This isn’t going to be a post about the pros and cons of Ipad use in schools, nor the issue of giving a device to 11-16 year olds in a country where we use screens for 35% of our waking hours. Believe that’s a whole blog post written by people far better researched than me.

My sole aim in writing this one is to explain:

If you have them, if you are getting them, or if they come in the future: How they can be used as one of the many tools in your classroom toolkit? Most of the following also applies to schools where laptop trolleys can be booked or IT rooms reserved.

That is all.

So here are some ways I have used them:

Grammar Practice

My most common use of them in Spanish is grammar practice. Websites such as The Language Gym and Languages Online are extremely useful in this regard. Students can be introduced a grammar point and then there are opportunities to practice them. The former is superb for consolidation of vocabulary through workouts, verb paradigms through the verb trainer and almost all students enjoy boxing and rock climbing. On that last one, turn the volume on the Ipads down or people in the corridors start to wonder what is going on! Languages Online works well when you want to check a grammar point has been understood. It also makes great extension work. QR codes – which you can generate for free – are a great way to get link to one of these sites on to a PowerPoint that pupils can easily scan and start completing as soon as they are finished with other tasks.

Checks for understanding

One of the best apps for creating customised quizzes to check for understanding is Formative. Students need to be signed up to this one and it does come with a cost that might be worth sharing across departments or trustwide.

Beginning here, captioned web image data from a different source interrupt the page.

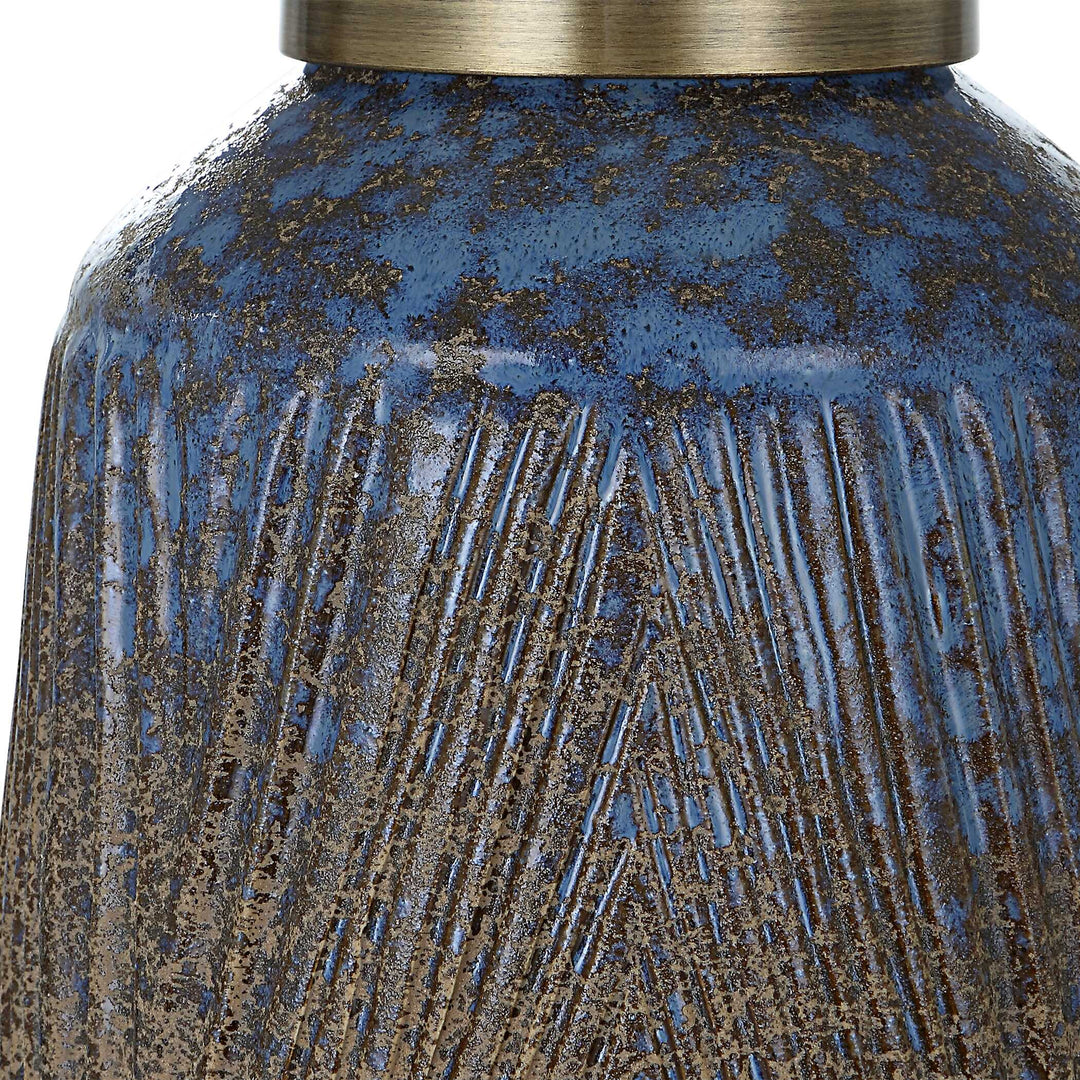 American Home Furniture Uttermost Western Sky Ceramic Table Lamp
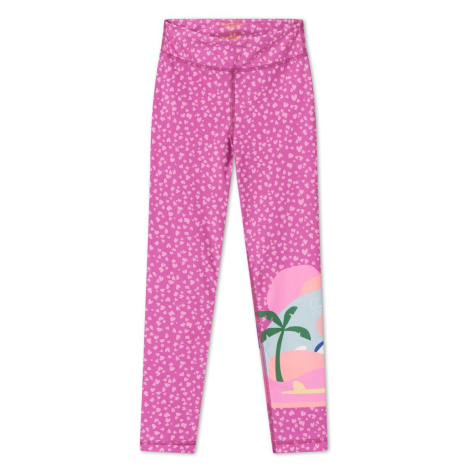 Plážové nohavice Femi Stories ružová farba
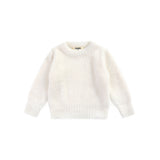 Soft fluffy kids sweatshirt with long sleeves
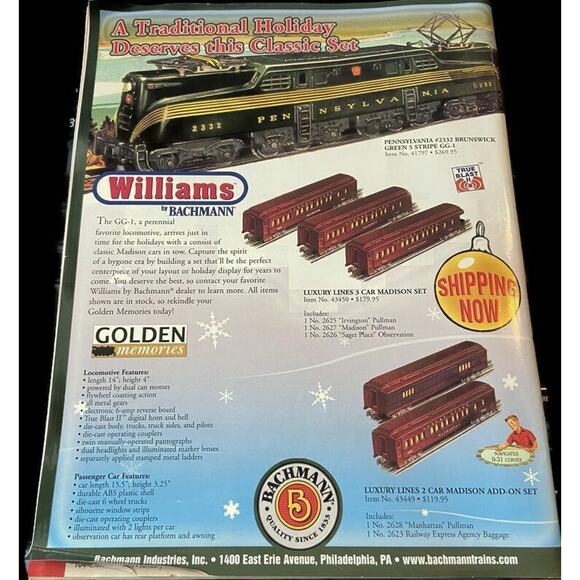 Classic Toy Trains January 2009 Colorado Time Machine Train Set Buyers Guide - Picture 3 of 5
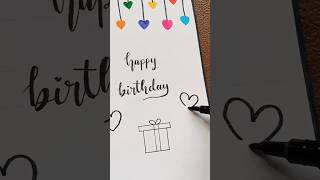 Birthday Card idea shorts [upl. by Arahas357]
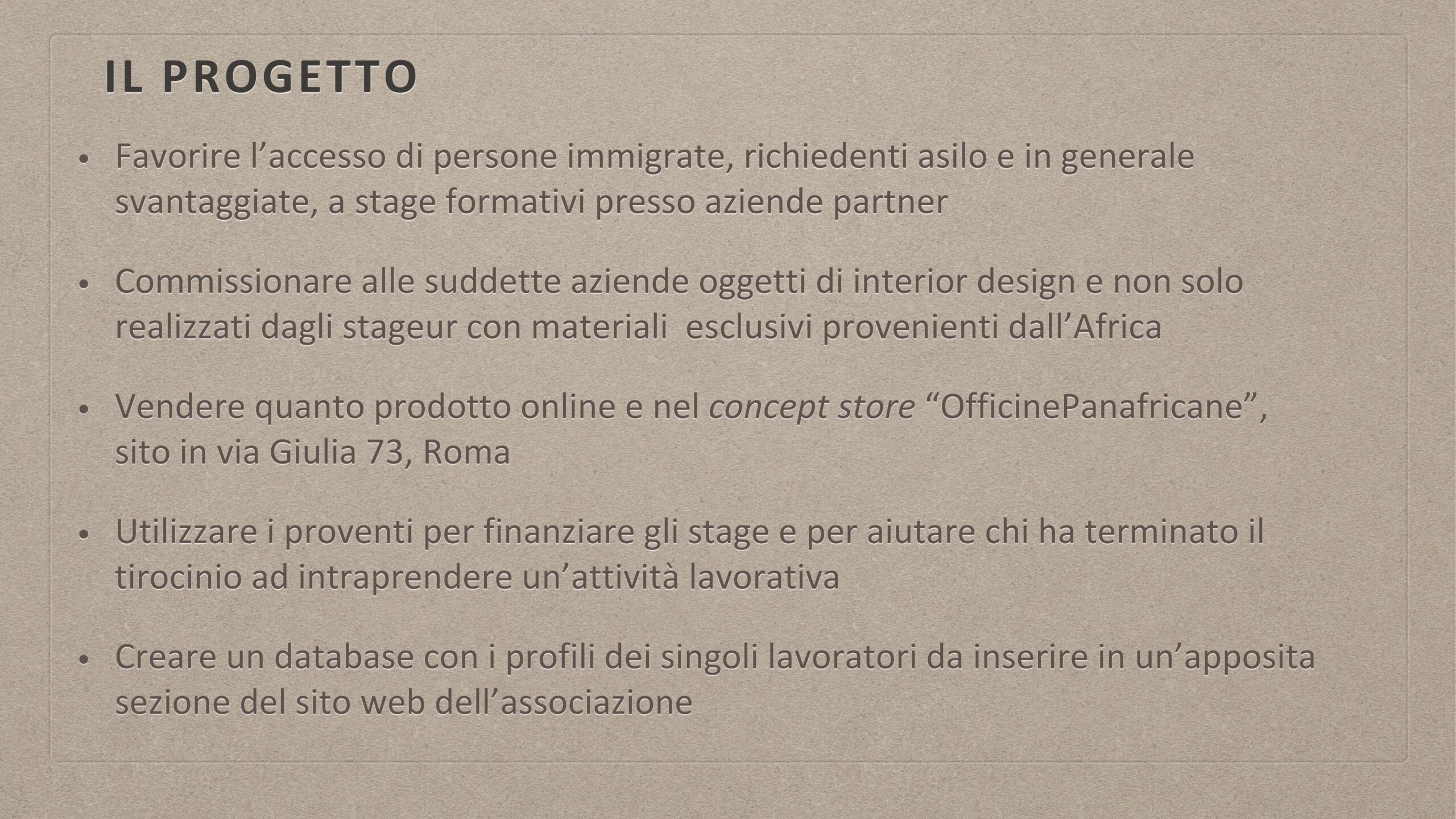 Descrizione del progetto
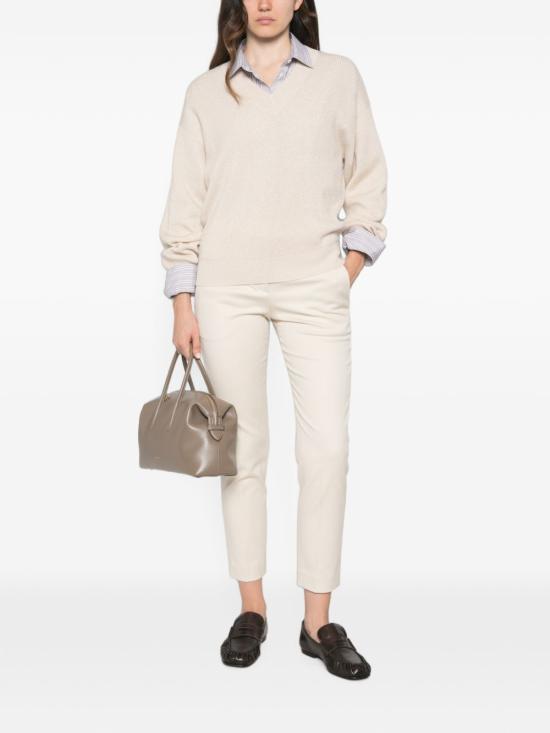 26FW 브루넬로 쿠치넬리 긴팔 티셔츠 M1E224722PCMA71 LIGHT BEIGE - BRUNELLO CUCINELLI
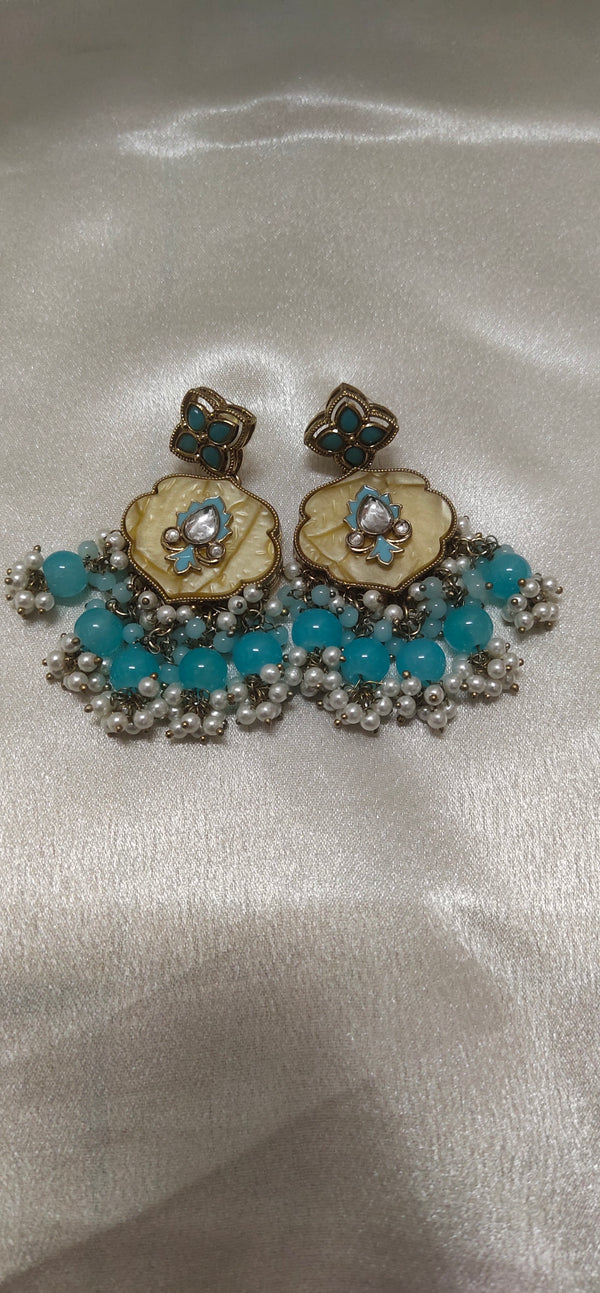 Kundan pearl Moti earring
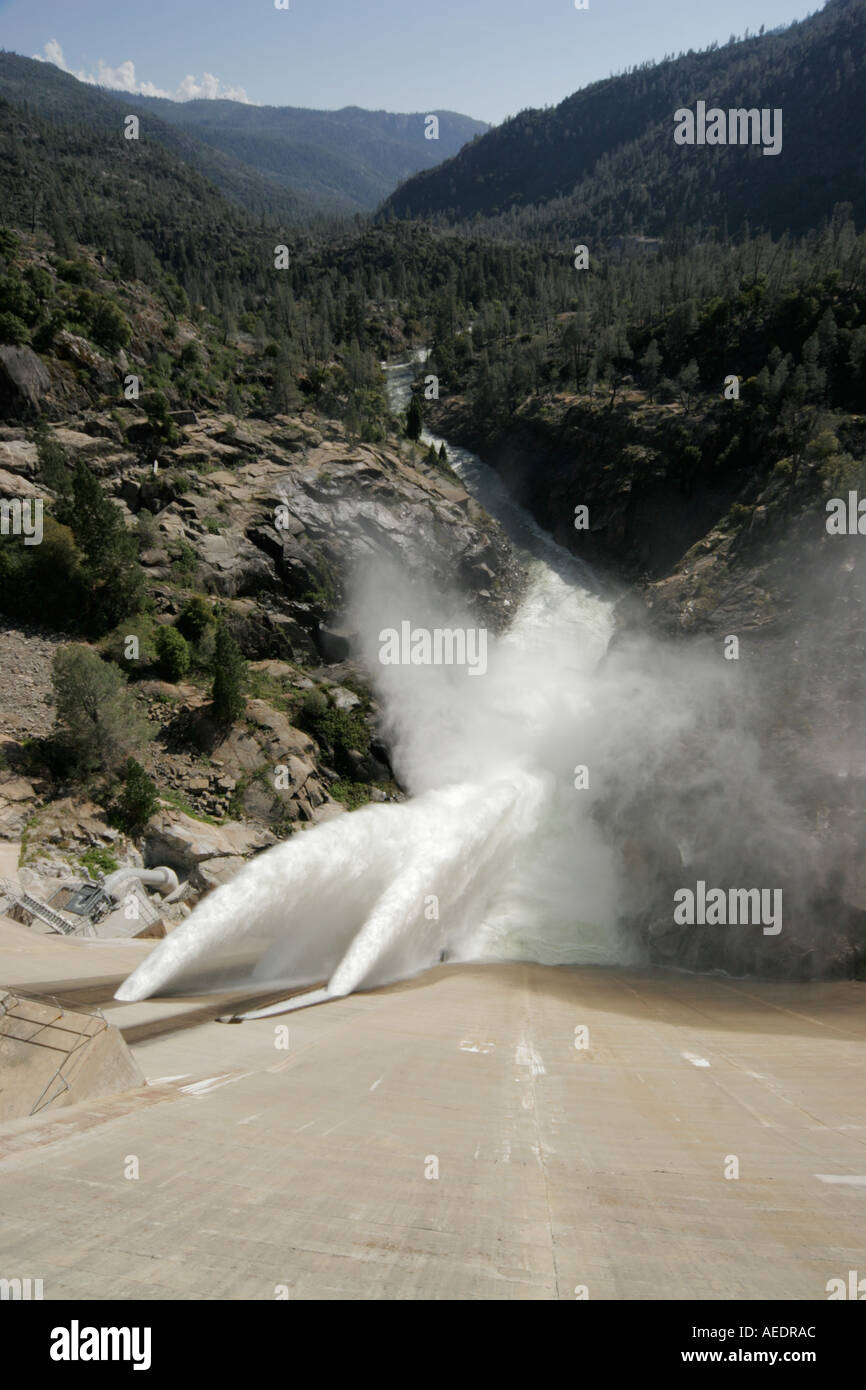 Parco Nazionale di Yosemite in California USA O Shaughnessy Dam ett Hecty Hetch Hetchy e serbatoio Foto Stock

Formative boasts a wide range of question types (see below). There are short answer, match-ups, putting in order, categorising and many more in the picture below. It even offers the option to record voice answers. You can deliver feedback very quickly to students and see who is understanding and who is not with a fairly simple graphical interface. You can set up correct answers very easily so activities become largely self-marking (e.g. the inclusion of certain words in an answer will make it correct). It also has recently started to integrate some AI capability. If you wanted to you could use it for reading assessments as you can add questions to worksheets that are then self-marking. It could also be used for listening assessments where students simply enter in multiple choice or short answers. A variety of answers can be added to answer keys. Adding new answers – when students come up with the one thing you didn’t think of – is simple too. It is aimed at the US market so quite often refers to grade rather than key stage.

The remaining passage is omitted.